Jack Sock’s dexterity, court movement and powerful ground strokes make a winning combination when he made the move from professional tennis to the pro pickleball circuit. Recreational tennis players who want to add pickleball to their court game can quickly become effective on the smaller court surface when their technical skills are best applied to pickleball tactics. Lessons from a certified instructor with experience in both sports can ease the transition.
Are you an experienced tennis player interested in a fast track training method to become a good pickleball player? Now, you can play to win in both sports
With the right instructor, certified in teaching both tennis and pickleball players, you can quickly become proficient on both courts of play. Let Play To Win Pickleball show you how.
Doug Brenner’s story:
I offer an accelerated six week lesson plan for serious tennis players who are looking to get into pickleball on either a full time or part time recreational basis.
I’ve taught dozens of good tennis players who have taken up pickleball. Their court skills and ground stroke experience gives them an unmistakable advantage in picking up the game quickly. But it can also be a handicap that limits rapid development on the smaller court surface.

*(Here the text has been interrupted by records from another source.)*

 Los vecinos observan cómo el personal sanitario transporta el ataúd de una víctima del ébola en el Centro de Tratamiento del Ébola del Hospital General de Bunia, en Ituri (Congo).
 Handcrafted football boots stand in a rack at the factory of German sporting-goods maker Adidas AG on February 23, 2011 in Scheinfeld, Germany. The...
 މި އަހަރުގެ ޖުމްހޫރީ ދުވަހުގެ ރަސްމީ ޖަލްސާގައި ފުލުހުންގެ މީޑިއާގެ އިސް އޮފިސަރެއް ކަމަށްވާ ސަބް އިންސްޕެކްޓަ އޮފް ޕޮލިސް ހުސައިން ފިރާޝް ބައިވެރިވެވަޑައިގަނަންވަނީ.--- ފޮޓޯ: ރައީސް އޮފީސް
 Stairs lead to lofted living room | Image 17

Let me show you how to play the game properly and avoid the mistake of relying a power game at the expense of correct technique, a “banger’s game” above a strategic approach to playing pickleball with its emphasis on court positioning and ball control.
I successfully made the transition to pickleball several years ago, when I was introduced to the game on my way to a tennis match by a Canadian senior champion. I struggled with modifying my well developed ATP forehand into a more compact swing of pickleball; I stayed back at the baseline without learning the tactics of using drops to move through the transition zone to the Kitchen. I kept wanting to volley at the wrong time, at the wrong place. And starting the point by giving up a powerful Slice/Topspin combo overhead serve, wasn’t easy.

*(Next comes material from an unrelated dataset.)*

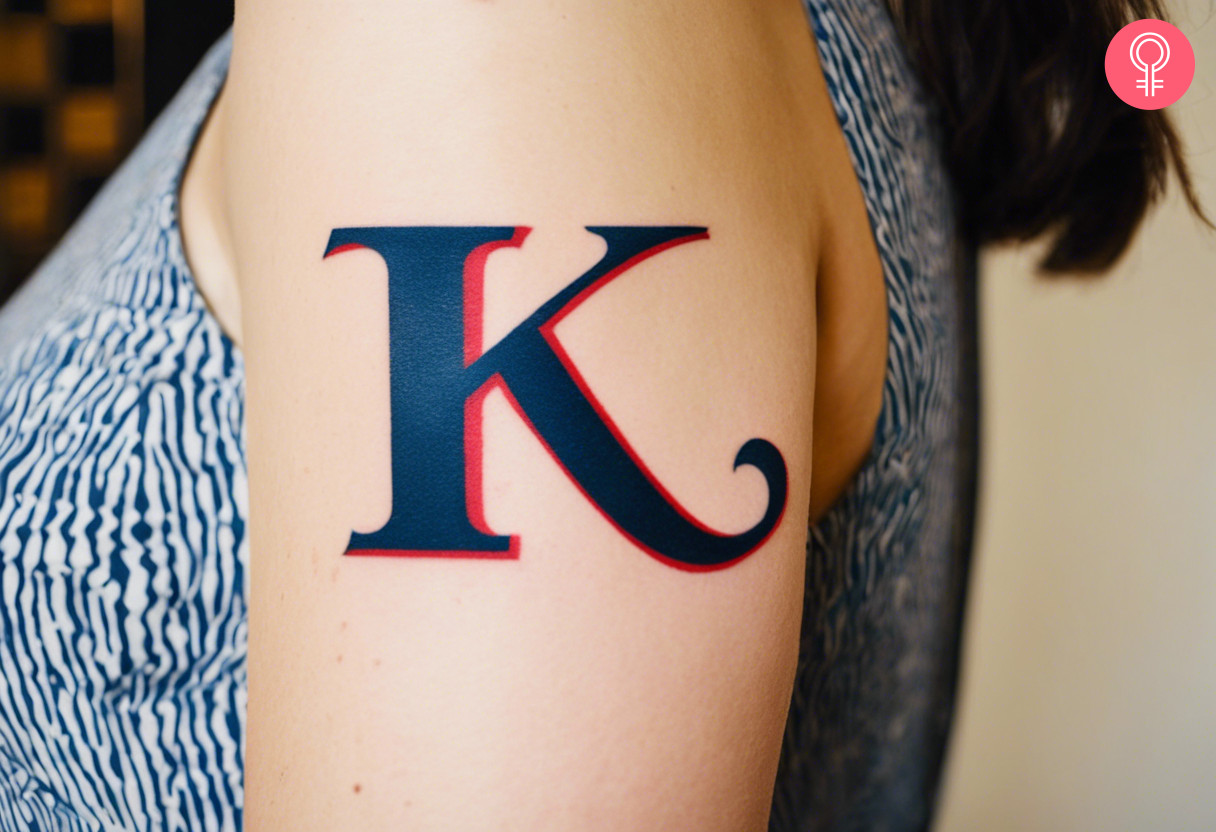 Traditional K-letter tattoo on a woman’s arm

I was getting beaten easily in Singles play by seniors wearing black knee socks, with a big smile on their face.
I turned my game around, becoming certified in both sports, and during this process learned to teach the right way — Fun, friendly, and professional.

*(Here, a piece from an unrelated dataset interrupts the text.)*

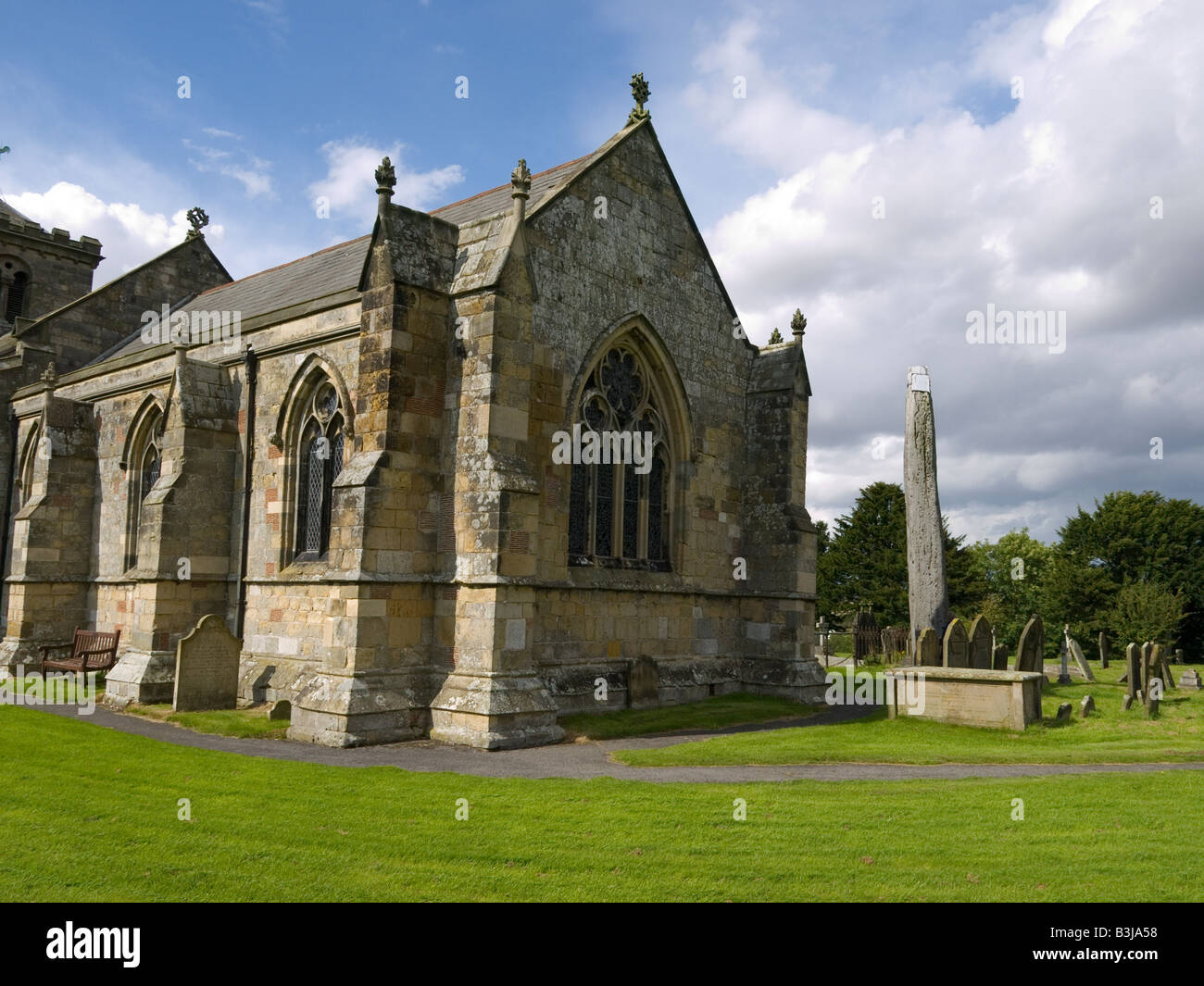 L'église à Rudston East Yorkshire avec un monolithe ancien 76 mètres de haut dans le cimetière Banque D'Images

In a series of six focused lessons, I share tactics and techniques which tennis players can use to play and win at pickleball. Skill development that uses best practices from my NCCP Level 2 Pickleball Instructor certification, combined with my current OTA Certification as a Tennis Instructor.
That’s right. I am fully NCCP and OTA certified as an advanced pickleball instructor and an experienced certified tennis coach.
I’ve memorized the Fundamental Grid of: Grip; Set Up, Impact Point, Sensation/Hitting Zone and Recovery for both sports and how they apply to each of the core skills of Serve, Groundstrokes, Volleys, Drops, Dinks and Overhead.
There is a lot of technical and tactical overlap, but with significant differences that aren’t always easy to identify and address in moving from the powerful and elegant game of tennis to the finesse of pickleball and its distinctive “Pas De Deux” rhythm between hard and soft stroke making.
Let me show you how my Play To Win Pickleball method can help tennis players hit the pickleball courts running, and leverage their stroke play to win points with consistency, reducing pressure from their opponents, apply pressure and neutralizing pressure using both the “hard” and “soft” game.
An organized system of measuring skill development is key to performance improvement
Doug Brenner
PCI-Certified Rating Assessment Instructor
A rating establishes a player’s skill level relative to an objective standard. For example, a League Organizer may require players to be rated before participating in league play at a certain level.
They can establish their own criteria for rating players to establish the league standard.
Pickleball Coaching International uses an on-court rating system that tests players performance in a series of drills. This sets a benchmark for grouping players according to their rating system.
During Play To Win Pickleball’s initial Introduction & Player Assessment, Doug uses a standardized template for scoring that is shared with the student. This provides a benchmark to measure the player’s skill development over the six week lesson series.